さて、せっかく長野まで来たので、2月7日は気になってた場所に寄って長野市で宿泊し、翌8日に帰路に着くことにしました。
順番は後の方になりますが、一番の期待は安曇野にあるこの「碌山美術館」でした。特に萩原禄山という人物に惹かれたというわけではなく、この建物がずっと気になっていたのでした。
昭和56年に信州大学人文学部に入学が決まって、広島にいたわけですが、すぐに長野の旅行ガイドブックを購入しました。その本の表紙がこの美術館でした。この雰囲気のある建物はずっと印象に残っていて、というか、この表紙とともに長野暮らしへの扉が開かれたわけでして、入学が決まって一番最初に脳裏に焼き付いた信州の画像だったのでした。

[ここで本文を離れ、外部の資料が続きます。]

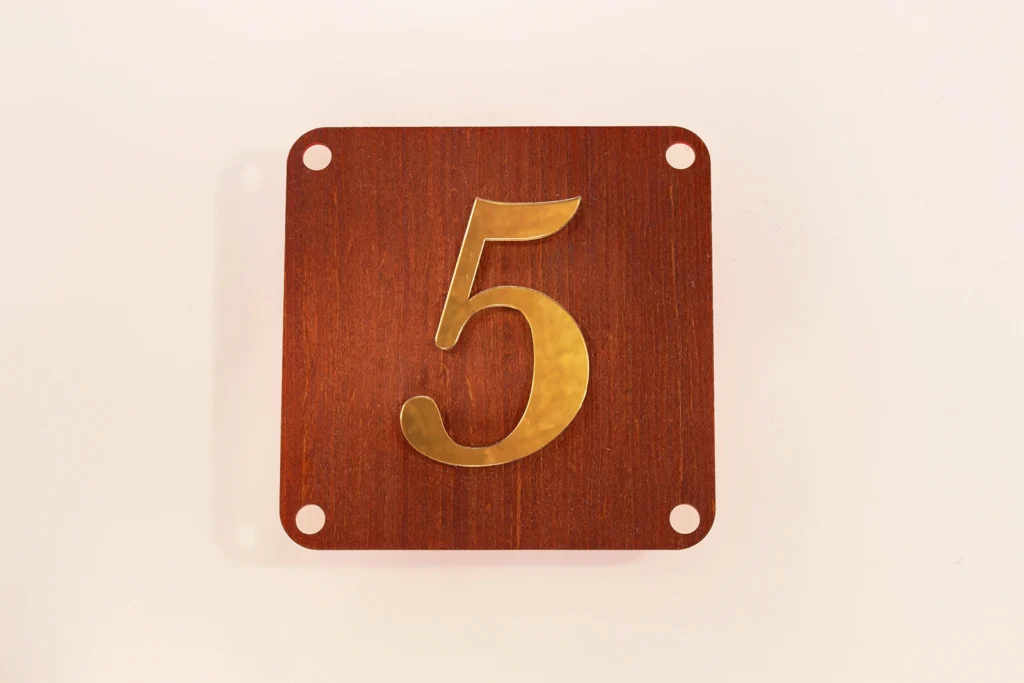 Luxe Rustiek huisnummerbord zonder LED met Cherry Quartercut fineer en gouden spiegelcijfer 5.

そしてそれから38年が経過し、やっとその心の底に眠っていた風景に立ち会うことができました。
冬ですので蔦は這っていませんが、想像したとおりの素晴らしい建物でしたね。
アングルを変えての撮影です。
てっぺんの拡大写真です。避雷針も兼ねているようですが、美しいですね。
車で行っても十分な駐車場があります。写真正面の受付のある棟内にはちょっとした土産物のスペースもあり、ここで子どもたちに鈴を買いました(1個500円)。

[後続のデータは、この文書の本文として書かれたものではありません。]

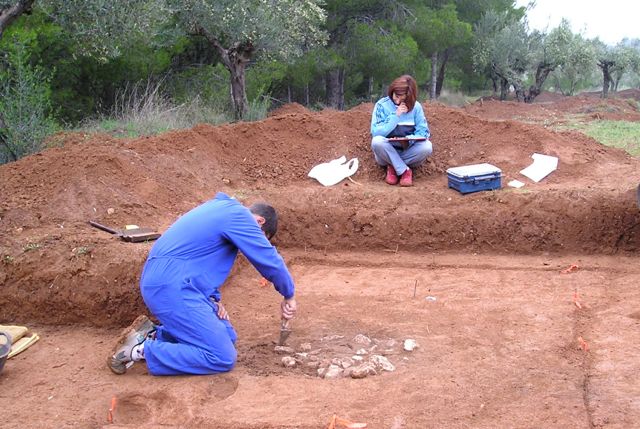 Alt del Punxó - late Roman pit (2003)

さて、寒天工場に別れを告げて最初に目指したのは野辺山の天文観測所でした。これは全国的に名の知れ渡る電波望遠鏡で有名です。これは最も奥にある立入禁止エリア内にある直径45mの望遠鏡です。
中心部の拡大です。壮大な景観です。
他にも小さいのがたくさんです。バックは八ヶ岳。いいロケーションですね。八ヶ岳は茅野の方からは割となだらかに見えますが、清里の方から見ると結構荒々しく、私としてはより好きな眺めです。野辺山まで来るとまた少し穏やかですが。。

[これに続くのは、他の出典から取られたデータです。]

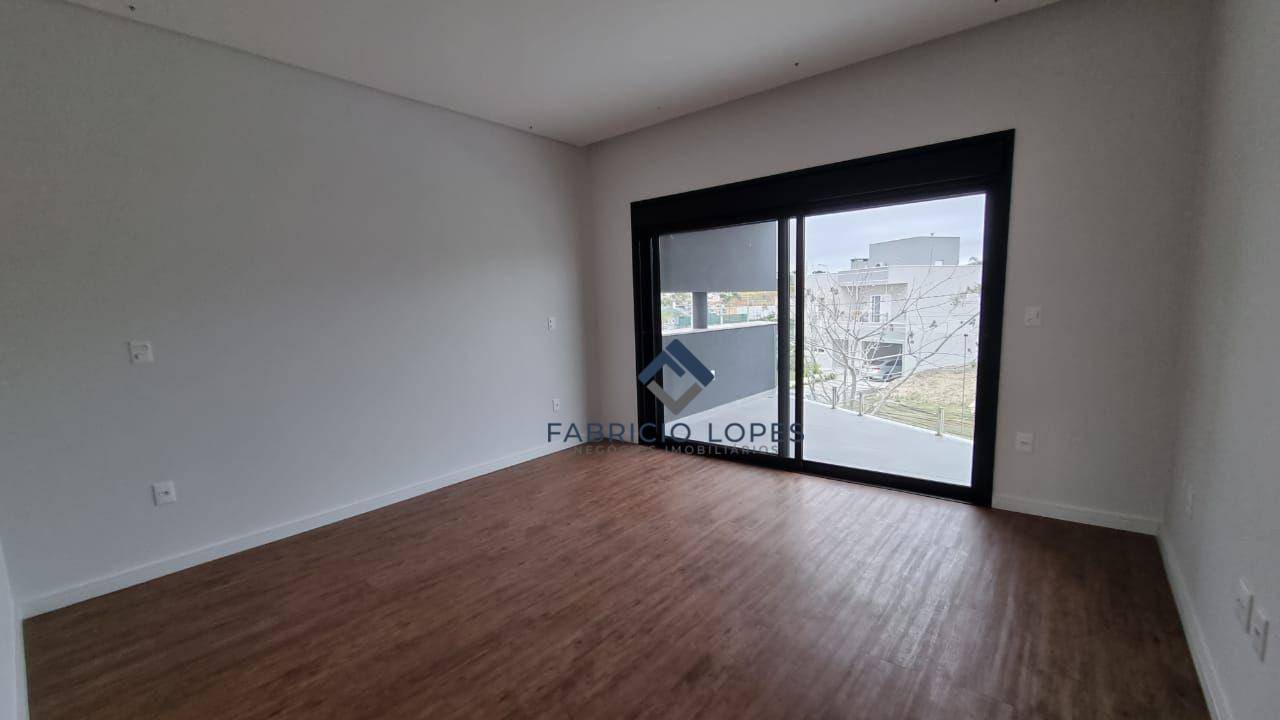 Casa à venda com 4 quartos, 450m² - Foto 34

解説の看板にもありますが、ここに匹敵する電波望遠鏡が、岩手県水沢にあり、昨年のブログでも紹介しました。
ところで、スマホで野辺山観測所を検索していたら(とりあえず車のナビに入れるために電話番号を)、野辺山のやまなしというワードに遭遇し、しかも観測所のすぐそばということで、足を運びました。なでなでし、気をもらって来ました。写真は西から東を見ています。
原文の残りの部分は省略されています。